Howard Archer with IHS Global Insight said this morning that overall evidence suggests construction managed to achieve modest expansion in the first quarter. “Survey evidence relating to construction (especially) manufacturing and services activity is markedly better than the hard data, while retail sales growth of 0.8% quarter-on-quarter and recent signs of a stabilizing labor market also suggest that the economy is expanding – albeit modestly,” he says. “Overall mild weather in the first quarter should also have helped the construction sector. In addition, a sharp drop in extraction activity knocked another 0.1 percentage point off GDP and this is a highly volatile factor.”

Archer says the Monetary Policy Committee has already said it isn’t seeing the same signs of recession, and won’t take any easing action. “Consequently, we expect the Bank of England to hold off from easing in May and to only go back down that road if the economy shows signs of underlying deterioration over the coming months,” he says.

The UK's return to recession is a blow to the retail sector at a time when a boost to consumer confidence is desperately needed, said Stephen Robertson, director general with the British Retail Consortium.

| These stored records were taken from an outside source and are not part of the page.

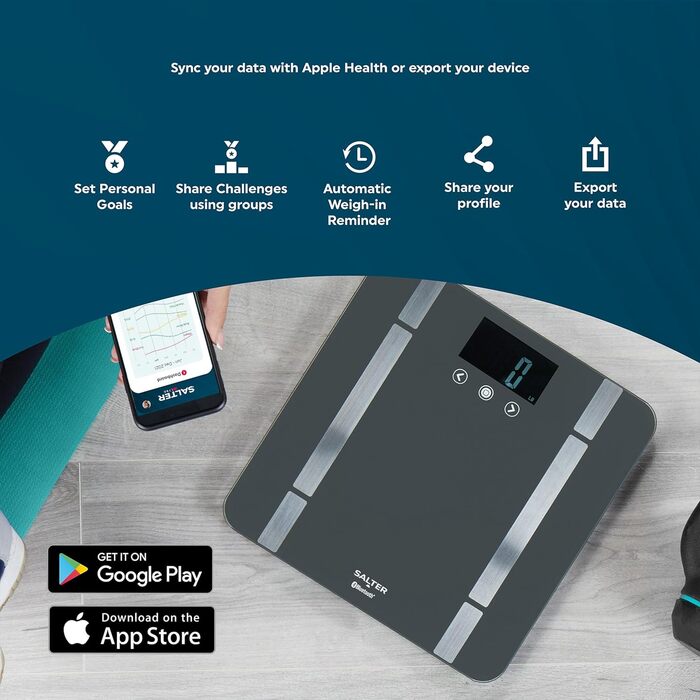 Ваги для ваги Salter SA00432FEU6 Bluetooth, максимальна вага 200 кг, 8 користувачів, підключення до Salter Health App, чорний
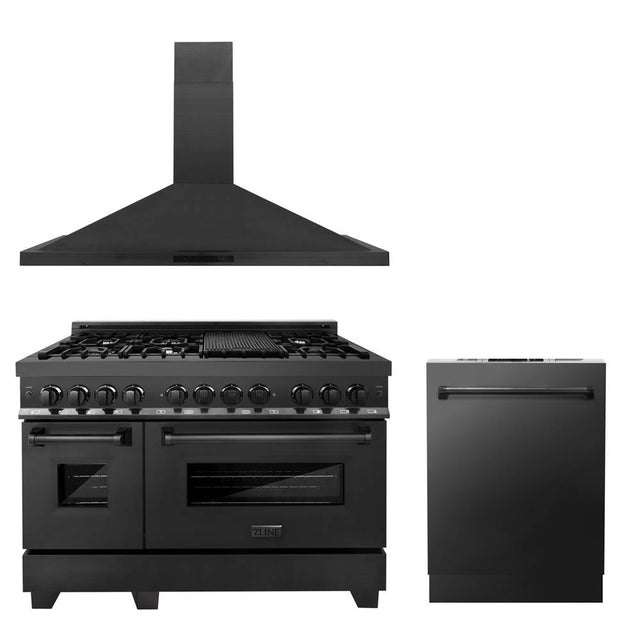 Z-Line - 48'' Kitchen Package with Black Stainless Steel Dual Fuel Range, Convertible Vent Range Hood and Dishwasher - Black Stainless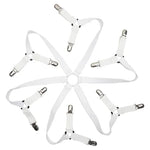 attaches draps lit clips élastiques réglables noir blanc minimalistes fonctionnelles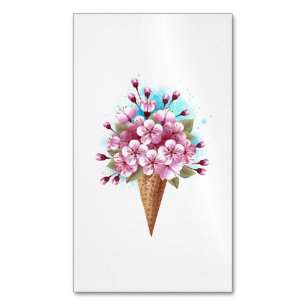 Rosa Sakura Ice Waffel Magnetische Visitenkarte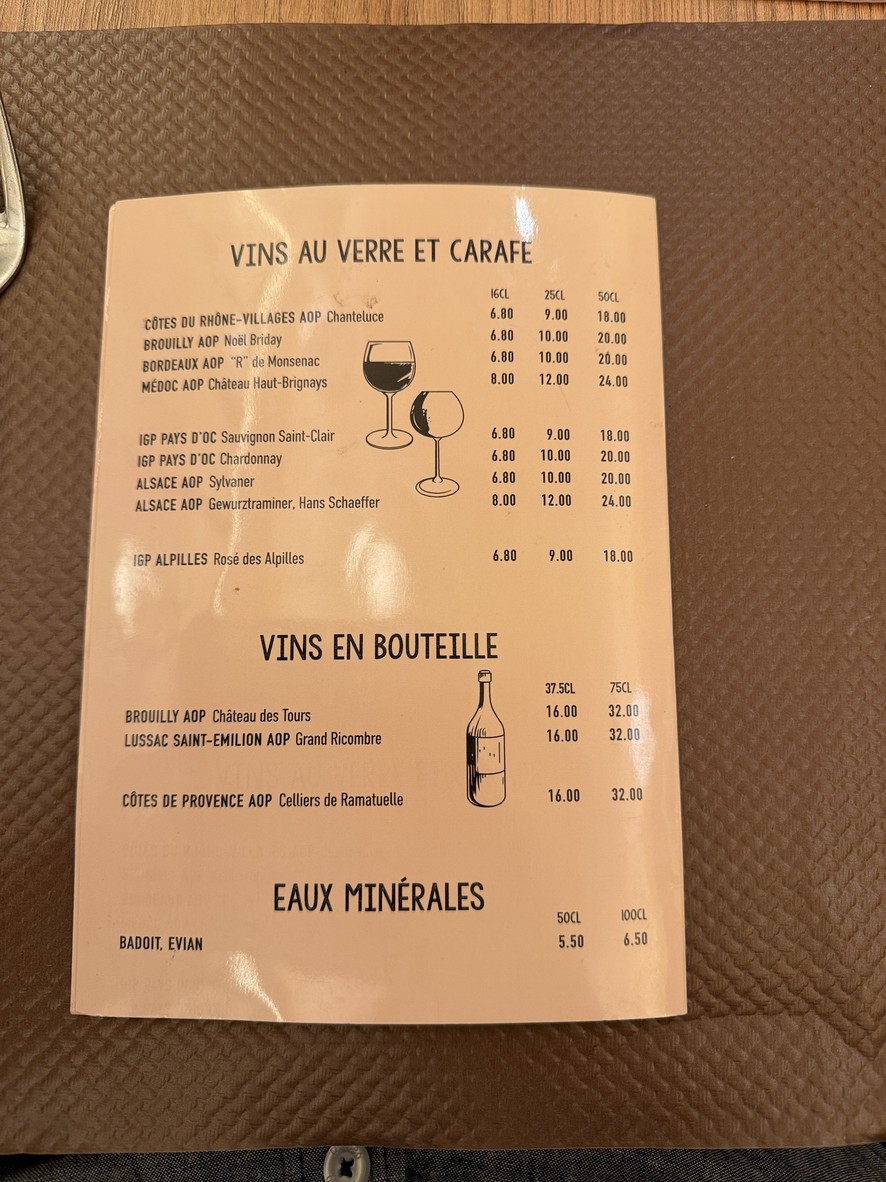 Brasserie Le Ségur menu 2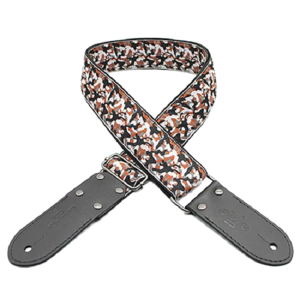 DSL JAC20-CAMO-RED Jacquard Weaving Guitar Strap at Anthony's Music Retail, Music Lesson & Repair NSW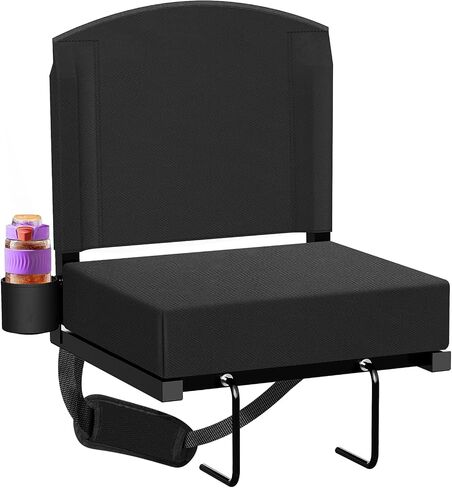 Stadium Seats with Back Support, New Portable Seat for Bleachers Hold up 400lbs, Wide Bleacher Seat with Shoulder Strap & Handle Perfect for Sports Events (Black, 1pcs) in Kuwait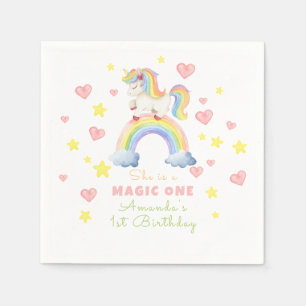 Unicorn Rainbow Magic One First Birthday Napkins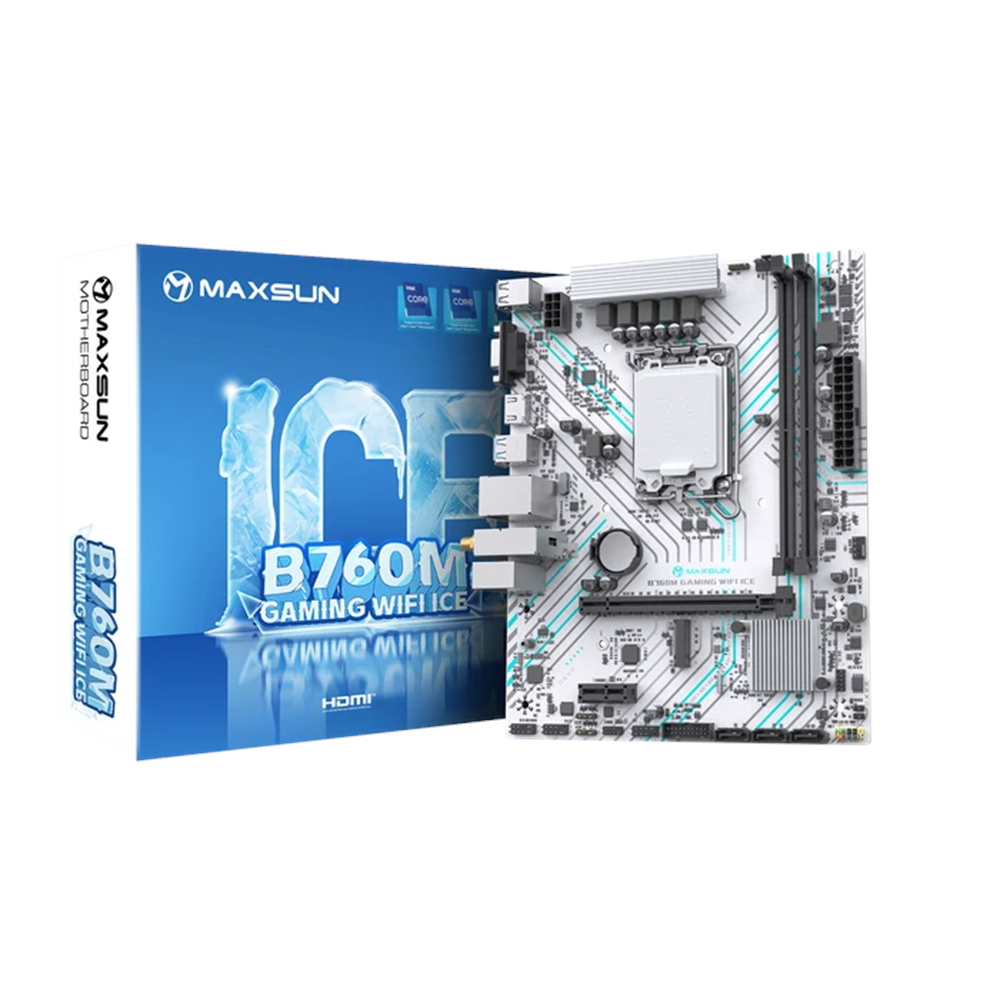 MAXUN B760M GAMING WIFI ICE DDR4 HDMI PCIE 4.0 1700p mATX BEYAZ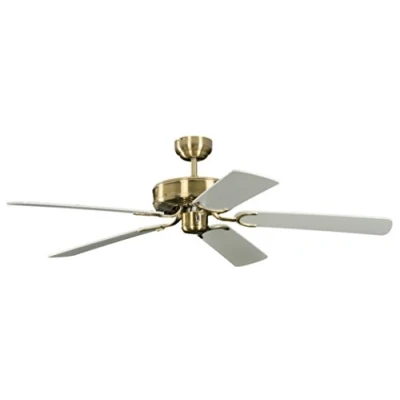 Image of Potkuri 52 inch / 132 cm Ceiling Fan without Lights in Antique Brass with Pull Cord and Blades White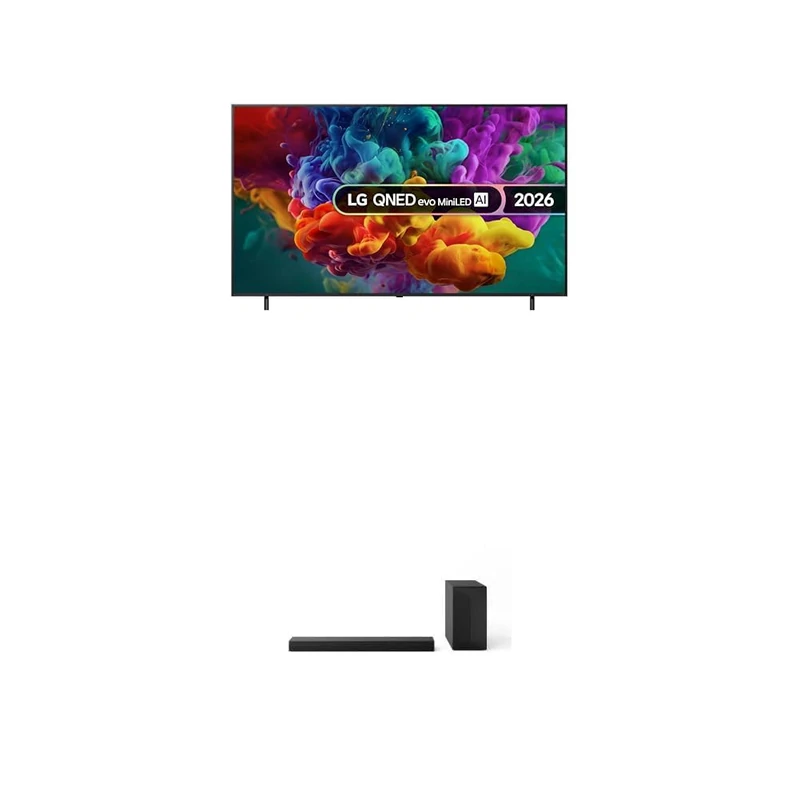 LG 75QNED85B6B 75-Inch QNED evo MiniLED AI 4K UHD Smart TV bundle with US60T Soundbar with Cinematic Sound & WOW Interface 3.1 channel, 340W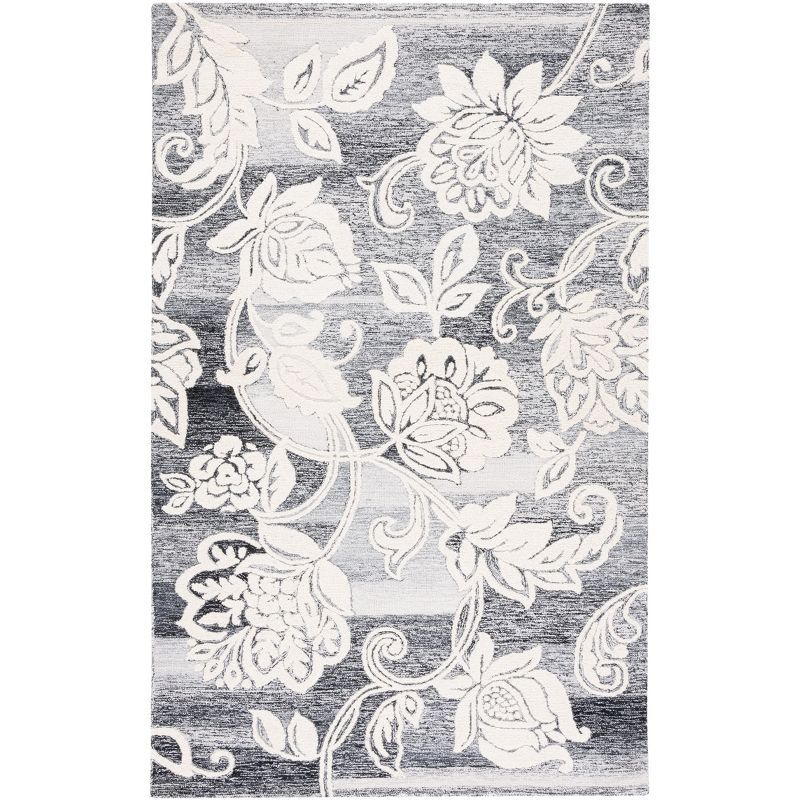 Hand-Tufted Floral Jardin Wool & Synthetic Rug - Black/Ivory, 4' x 6'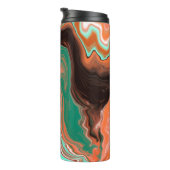 Orange Brown Abstrakt Art modern Thermal Tumbler Thermosbecher (Nach rechts gedreht)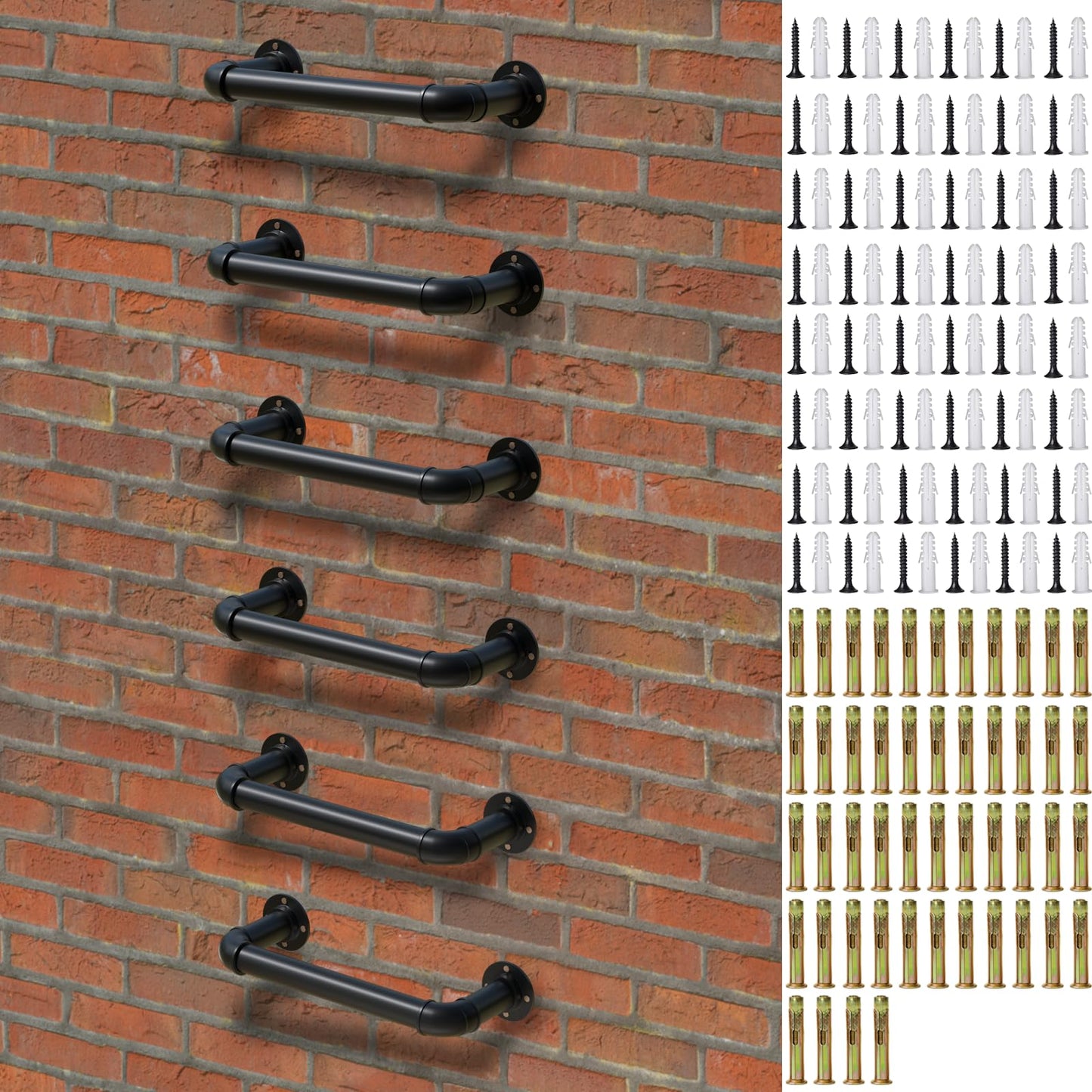 Wall Mounted Ladder, 1 Rung Steel Step - 6 Pack for Emergency Escape & Loft Access | 700LB Capacity, All-Weather Black Finish, with Expansion Bolts for Indoor/Outdoor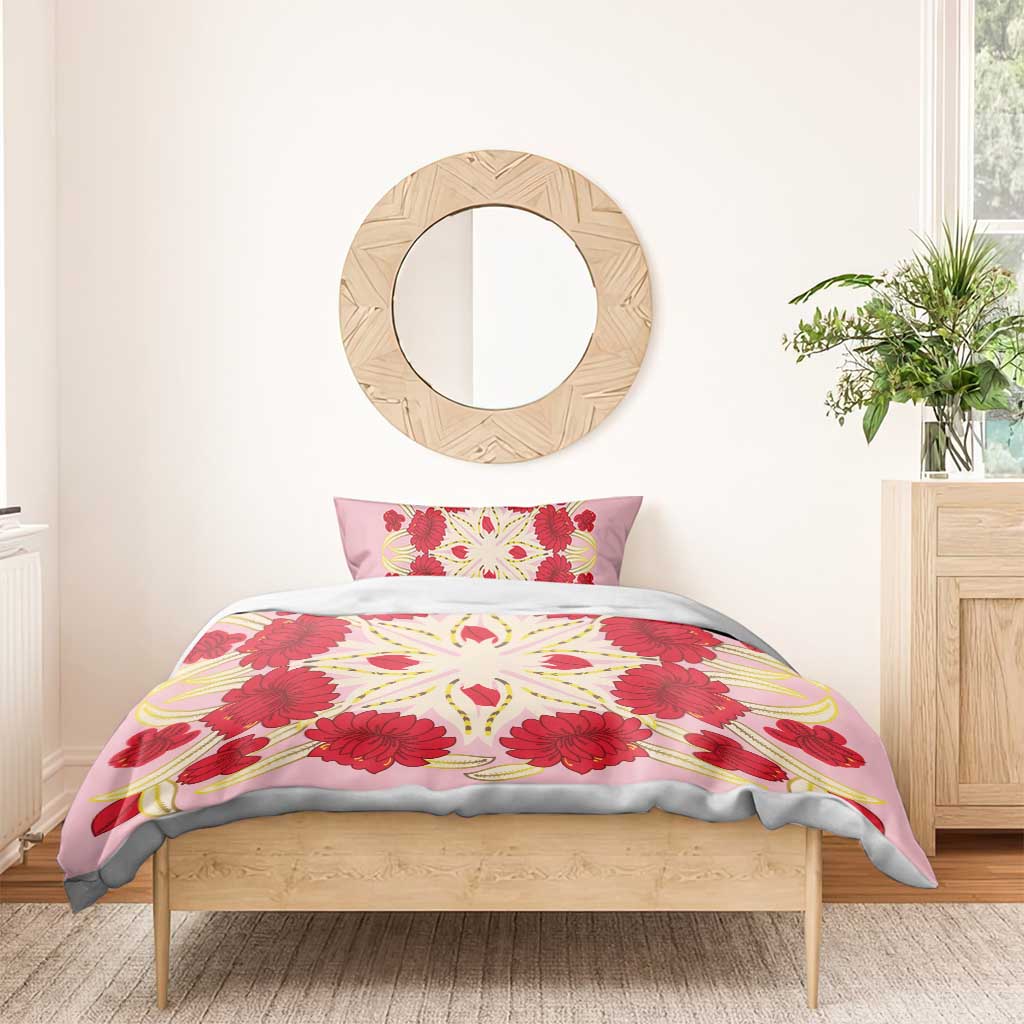 Cook Islands Tivaevae Quilt Bedding Set Light Pink - Polynesian Pride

His group has previously warned that temporary bright spots, such as last month's retail sales figures, cannot disguise the fundamental difficulties faced by households and businesses.
This year now looks like being tougher than previously thought, Robertson said in a statement today. “With inflation growing at almost three times the rate of average wage increases and personal budgets under pressure from high fuel and utility bills, consumers have continued to cut back on many areas of spending,” he said. “If it's to rekindle recovery the government must deliver a credible growth strategy. It should halt its tsunami of destructive new regulations and taxes. They are adding costs to individuals and households and can only prolong this new recession."

Mark Littlewood, director general at the Institute of Economic Affairs, agreed that action needs to be taken. “The government does not seem to have grasped the need for urgency,” he said in a separate statement. “It must get to grips with the underlying problems the UK economy is facing – suffocating bureaucracy, ballooning debt, as well as high and complex taxes. Today’s growth figures are further evidence that tweaking round the edges will not go far enough in addressing the systemic issues hampering growth. Of course the context is difficult with rising commodity prices and the Eurozone in crisis, but there is still more Britain can and should be doing.”

The talk of recession also fuels fears of investors into Europe. Brett White, CEO of CBRE, said in the company’s first quarter conference call Tuesday, said the real issue with Europe is the amount of uncertainty. “When you have uncertainty in a market place it makes it hard to find pricing,” he said in response to an analyst asking about a drop-off in lending. “When there’s uncertainty in the market place, people just slow down and they take their time and they do a lot more work to make sure that they have got a view on pricing, and right now in Europe, I think the story is more about uncertainty in the market place which slows down transaction volume.”